Debbie Harry: Rock & Rule
Rock & Rule (1983)
director Clive A. Smith
music Deborah Harry, Iggy Pop, Lou Reed, Cheap Trick, Earth Wind and Fire
starring (voice) Catherine O’Hara
Ever get a song stuck in your head? When Debbie Harry supplied her talents for the underwhelming animated musical Rock & Rule, she created a song which, so the plot of the film goes, allows an aging popstar wizard to raise a demon at his farewell concert. Mok, a cross between David Bowie and Mick Jagger, kidnaps Harry’s character Angel and forces her to sing a lovesong so repetitive, so radio-friendly, that the demon must climb up from the netherhell to silence it.
Although the film never got much play outside Canada, the circulation of bootleg tapes kept Rock & Rule a cult favorite of animation fans for years before finally being released on DVD in 2005. Harry always hoped for an original soundtrack album to be released which would feature her song and announce her new solo career outside of Blondie. The soundtrack is a veritable who’s-who of early 80’s recording artists all providing original songs. Lou Reed and Iggy Pop both have turns at Mok giving him a powerful glam-rock sound. CheapTrick supplies the new wave counterpart to Harry as the music and singing voices for Angel’s hapless bandmates, who are shoved to the side when she enters Mok’s world of rollerskating henchmen, luxury airships, and concerts where a supernatural deathtoll boosts his record sales.
Rock & Rule misses the mark more than it hits, but it’s a movie you remember and it actually gets better the more you watch it. Some clever moments with Mok get buried in a confusing script that’s pulled in too many directions, but there are flashes of brilliance as Lou Reed’s music videos lets Mok’s ego shine. The romance between Angel and her boyfriend Omar is just icky. Can she nurture him into a safe place where he doesn’t feel threatened by her career? Blech. That’s exactly the kind of un-feminism that gets you tied to an altar and sacrificed at the mouth of hell. Like the Biblical Eve before her, Angel is seduced by evil and unleashes disaster on the world, but with a loving man at her side they turn the song into a duet, and their harmony drives the demon back. Eeeewwwwww.

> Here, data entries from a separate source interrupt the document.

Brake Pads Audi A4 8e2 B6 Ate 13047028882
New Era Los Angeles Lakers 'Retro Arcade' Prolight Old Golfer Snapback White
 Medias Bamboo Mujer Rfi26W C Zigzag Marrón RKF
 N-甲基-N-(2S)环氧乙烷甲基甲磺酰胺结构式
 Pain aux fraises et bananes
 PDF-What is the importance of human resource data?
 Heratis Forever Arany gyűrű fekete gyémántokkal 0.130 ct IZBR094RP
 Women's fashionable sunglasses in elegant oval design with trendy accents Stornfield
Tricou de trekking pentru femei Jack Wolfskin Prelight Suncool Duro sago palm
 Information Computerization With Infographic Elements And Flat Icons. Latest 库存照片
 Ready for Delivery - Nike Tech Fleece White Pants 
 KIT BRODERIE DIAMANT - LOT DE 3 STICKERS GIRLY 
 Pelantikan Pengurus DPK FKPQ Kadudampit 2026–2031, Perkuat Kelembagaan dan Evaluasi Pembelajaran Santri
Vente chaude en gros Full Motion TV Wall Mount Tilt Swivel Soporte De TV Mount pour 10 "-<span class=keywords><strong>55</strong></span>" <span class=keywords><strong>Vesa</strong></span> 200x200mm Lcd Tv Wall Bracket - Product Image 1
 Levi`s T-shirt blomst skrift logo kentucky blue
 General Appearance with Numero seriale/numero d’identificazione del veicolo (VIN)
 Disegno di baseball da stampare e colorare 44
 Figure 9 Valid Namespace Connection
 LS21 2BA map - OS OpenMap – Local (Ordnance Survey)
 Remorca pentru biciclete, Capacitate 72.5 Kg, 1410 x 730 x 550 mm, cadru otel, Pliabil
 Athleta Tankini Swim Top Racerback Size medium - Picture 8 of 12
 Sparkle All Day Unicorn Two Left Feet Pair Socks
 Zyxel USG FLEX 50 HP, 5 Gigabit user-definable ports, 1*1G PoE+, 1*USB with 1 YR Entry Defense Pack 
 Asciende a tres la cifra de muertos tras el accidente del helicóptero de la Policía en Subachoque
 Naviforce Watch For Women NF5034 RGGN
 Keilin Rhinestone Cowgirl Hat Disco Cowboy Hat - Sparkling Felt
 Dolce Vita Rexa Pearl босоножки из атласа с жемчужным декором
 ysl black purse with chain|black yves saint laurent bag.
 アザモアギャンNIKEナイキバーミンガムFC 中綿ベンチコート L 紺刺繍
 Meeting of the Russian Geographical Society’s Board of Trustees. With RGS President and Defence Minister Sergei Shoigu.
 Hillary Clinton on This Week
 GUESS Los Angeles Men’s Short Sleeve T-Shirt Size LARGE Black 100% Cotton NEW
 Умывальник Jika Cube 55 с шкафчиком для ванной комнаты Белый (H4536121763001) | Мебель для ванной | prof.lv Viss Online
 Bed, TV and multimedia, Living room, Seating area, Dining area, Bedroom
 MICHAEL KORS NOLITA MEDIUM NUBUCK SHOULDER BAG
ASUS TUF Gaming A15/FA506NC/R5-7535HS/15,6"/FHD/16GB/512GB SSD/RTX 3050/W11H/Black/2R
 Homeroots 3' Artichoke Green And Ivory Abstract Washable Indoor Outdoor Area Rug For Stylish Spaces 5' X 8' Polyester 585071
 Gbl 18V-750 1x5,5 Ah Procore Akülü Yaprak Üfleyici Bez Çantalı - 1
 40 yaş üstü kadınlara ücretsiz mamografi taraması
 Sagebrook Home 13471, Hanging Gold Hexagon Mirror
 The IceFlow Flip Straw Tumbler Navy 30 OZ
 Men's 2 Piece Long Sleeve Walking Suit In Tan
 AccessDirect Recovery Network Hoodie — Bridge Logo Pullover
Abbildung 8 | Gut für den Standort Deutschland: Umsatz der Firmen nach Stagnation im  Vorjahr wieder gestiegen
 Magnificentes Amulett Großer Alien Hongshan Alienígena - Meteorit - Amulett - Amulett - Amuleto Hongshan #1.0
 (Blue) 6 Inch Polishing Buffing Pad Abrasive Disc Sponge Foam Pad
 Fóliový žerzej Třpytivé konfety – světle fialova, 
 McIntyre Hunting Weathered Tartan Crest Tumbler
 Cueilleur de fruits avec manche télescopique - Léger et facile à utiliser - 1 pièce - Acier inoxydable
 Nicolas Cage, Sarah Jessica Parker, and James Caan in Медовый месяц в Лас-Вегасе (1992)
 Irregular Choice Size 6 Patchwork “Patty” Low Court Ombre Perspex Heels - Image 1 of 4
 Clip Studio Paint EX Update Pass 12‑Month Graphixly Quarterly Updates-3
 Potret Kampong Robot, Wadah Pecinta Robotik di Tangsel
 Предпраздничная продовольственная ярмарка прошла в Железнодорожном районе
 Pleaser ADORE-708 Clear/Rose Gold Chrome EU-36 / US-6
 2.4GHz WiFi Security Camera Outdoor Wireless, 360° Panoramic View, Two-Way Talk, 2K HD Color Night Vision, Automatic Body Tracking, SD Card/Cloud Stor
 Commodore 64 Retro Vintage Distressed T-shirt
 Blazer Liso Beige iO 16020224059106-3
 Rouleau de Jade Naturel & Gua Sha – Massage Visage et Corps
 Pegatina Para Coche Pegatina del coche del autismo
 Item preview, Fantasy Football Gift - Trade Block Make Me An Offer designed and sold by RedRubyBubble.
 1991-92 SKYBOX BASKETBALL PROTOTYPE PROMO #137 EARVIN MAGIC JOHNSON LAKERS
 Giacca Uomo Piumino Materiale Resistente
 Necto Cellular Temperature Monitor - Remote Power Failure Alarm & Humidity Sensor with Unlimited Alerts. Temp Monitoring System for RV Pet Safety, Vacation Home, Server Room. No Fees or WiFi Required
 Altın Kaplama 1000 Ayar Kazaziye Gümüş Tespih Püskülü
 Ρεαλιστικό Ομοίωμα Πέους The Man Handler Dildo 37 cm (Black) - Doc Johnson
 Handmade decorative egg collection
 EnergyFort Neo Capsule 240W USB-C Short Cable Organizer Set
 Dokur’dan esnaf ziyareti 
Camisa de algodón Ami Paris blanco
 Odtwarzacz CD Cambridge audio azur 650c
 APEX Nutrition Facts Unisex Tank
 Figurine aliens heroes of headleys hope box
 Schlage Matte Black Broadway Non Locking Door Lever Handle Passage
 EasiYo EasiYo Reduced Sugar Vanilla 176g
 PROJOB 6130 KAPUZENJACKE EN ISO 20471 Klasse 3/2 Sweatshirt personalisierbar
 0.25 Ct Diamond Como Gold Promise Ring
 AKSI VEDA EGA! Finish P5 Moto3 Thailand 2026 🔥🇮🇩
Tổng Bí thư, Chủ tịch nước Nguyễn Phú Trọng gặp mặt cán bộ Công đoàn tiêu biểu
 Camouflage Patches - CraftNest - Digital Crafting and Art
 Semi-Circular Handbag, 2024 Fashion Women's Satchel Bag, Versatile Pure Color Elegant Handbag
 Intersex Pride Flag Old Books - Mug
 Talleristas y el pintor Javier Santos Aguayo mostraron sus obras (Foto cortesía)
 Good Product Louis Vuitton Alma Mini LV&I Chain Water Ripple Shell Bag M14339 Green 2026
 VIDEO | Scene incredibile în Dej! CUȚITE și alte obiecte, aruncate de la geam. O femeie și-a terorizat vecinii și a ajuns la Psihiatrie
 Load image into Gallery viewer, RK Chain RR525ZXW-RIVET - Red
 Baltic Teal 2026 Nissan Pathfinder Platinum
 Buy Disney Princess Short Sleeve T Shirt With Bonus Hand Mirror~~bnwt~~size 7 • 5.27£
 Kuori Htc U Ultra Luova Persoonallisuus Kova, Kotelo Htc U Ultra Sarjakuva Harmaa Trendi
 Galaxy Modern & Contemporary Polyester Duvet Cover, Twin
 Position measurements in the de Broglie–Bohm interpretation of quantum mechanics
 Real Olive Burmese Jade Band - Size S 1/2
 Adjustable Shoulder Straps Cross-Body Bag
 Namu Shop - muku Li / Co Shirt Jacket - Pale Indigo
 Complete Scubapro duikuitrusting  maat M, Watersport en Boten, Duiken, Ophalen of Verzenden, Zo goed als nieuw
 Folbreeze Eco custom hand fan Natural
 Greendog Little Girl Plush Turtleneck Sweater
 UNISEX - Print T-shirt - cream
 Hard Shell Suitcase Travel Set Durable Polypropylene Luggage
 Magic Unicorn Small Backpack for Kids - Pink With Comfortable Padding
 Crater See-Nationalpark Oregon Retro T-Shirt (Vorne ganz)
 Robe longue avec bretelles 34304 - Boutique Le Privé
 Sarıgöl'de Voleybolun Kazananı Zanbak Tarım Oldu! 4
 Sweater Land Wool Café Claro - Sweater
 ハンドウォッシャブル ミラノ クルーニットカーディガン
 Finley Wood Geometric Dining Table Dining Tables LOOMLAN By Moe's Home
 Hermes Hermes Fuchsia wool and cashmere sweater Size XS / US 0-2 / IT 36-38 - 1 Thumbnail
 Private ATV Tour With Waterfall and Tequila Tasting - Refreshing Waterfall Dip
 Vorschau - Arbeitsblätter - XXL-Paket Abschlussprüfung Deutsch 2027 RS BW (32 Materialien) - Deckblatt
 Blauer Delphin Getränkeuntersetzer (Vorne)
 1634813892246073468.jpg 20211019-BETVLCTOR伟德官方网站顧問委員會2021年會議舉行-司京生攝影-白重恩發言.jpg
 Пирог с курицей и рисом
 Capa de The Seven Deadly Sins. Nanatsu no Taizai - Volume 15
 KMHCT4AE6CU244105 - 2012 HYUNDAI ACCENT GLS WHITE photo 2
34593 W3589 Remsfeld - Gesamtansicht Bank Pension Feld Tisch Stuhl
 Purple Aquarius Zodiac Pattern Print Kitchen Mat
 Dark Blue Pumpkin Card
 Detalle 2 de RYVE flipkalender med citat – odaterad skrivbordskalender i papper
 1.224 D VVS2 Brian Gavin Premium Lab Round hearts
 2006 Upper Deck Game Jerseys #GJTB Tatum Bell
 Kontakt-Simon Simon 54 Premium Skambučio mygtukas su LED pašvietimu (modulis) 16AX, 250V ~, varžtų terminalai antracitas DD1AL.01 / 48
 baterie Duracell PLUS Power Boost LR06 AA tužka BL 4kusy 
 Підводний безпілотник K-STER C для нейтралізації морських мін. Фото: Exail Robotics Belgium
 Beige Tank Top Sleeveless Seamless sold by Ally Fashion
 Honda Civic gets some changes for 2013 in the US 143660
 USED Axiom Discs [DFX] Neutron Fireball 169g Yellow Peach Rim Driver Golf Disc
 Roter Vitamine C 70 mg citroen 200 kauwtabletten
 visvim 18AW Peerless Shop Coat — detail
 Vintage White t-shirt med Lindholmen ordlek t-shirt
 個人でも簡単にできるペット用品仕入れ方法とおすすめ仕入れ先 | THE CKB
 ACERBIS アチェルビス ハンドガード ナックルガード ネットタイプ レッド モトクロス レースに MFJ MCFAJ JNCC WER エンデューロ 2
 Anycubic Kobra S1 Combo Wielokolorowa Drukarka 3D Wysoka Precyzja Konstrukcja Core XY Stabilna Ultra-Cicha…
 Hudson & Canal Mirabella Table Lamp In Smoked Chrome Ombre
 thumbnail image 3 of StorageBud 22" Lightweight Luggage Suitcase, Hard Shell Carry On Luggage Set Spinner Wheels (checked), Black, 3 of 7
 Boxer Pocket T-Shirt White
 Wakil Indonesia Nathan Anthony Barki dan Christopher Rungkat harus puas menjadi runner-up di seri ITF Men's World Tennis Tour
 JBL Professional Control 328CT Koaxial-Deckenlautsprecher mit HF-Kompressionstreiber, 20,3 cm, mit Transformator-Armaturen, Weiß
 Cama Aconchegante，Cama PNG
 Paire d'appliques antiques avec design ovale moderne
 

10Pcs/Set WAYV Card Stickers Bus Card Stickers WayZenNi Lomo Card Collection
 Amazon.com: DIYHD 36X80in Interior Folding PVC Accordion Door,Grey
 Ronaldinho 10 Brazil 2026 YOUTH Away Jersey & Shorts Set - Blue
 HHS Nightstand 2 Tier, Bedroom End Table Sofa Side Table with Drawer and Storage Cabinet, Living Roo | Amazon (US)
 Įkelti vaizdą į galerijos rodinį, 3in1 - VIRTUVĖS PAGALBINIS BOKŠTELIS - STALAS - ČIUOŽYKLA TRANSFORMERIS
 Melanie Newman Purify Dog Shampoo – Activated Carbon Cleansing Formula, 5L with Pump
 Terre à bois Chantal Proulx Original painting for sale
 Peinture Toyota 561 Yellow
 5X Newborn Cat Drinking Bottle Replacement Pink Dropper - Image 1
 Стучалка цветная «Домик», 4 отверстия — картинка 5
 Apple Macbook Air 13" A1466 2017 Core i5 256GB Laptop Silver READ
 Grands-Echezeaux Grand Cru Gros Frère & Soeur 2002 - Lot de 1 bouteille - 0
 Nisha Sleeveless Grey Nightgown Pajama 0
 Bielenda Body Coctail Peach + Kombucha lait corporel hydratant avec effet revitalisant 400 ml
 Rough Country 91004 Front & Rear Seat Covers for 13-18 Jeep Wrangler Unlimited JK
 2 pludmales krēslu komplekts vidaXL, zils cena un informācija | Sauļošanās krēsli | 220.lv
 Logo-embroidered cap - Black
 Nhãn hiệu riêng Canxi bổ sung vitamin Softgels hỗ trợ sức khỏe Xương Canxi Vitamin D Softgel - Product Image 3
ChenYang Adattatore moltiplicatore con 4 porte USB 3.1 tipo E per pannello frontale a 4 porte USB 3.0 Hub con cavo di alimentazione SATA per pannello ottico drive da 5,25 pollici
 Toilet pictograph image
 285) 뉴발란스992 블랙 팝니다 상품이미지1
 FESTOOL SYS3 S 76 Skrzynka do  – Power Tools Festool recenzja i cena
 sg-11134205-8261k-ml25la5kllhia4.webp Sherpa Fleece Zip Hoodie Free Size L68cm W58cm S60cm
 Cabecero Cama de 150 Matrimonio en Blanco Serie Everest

Without the pop soundtrack Rock & Rule would have been forgotten. The Ralph Bakshi-wannabe artwork of nuked wastelands and the mutant animal-people were already out of style by its 1984 release date. To be honest so was the soundtrack which was A-list three years earlier when production started, but animated films take years to make and pop songs just don’t live that long. The film was never released in the US, and the original soundtrack never happened.
Harry later re-recorded Angel’s song “Send Love Through” with new lyrics, calling it “Maybe for Sure” on her solo album Deaf,Dumb,&Blonde. It’s still an infectious anthem of rising keys, a defiant power ballad that stirs all sorts of love is cool feelings in you. A feelgood song you hum for days without knowing any of the words…. Maybe it got stuck her head.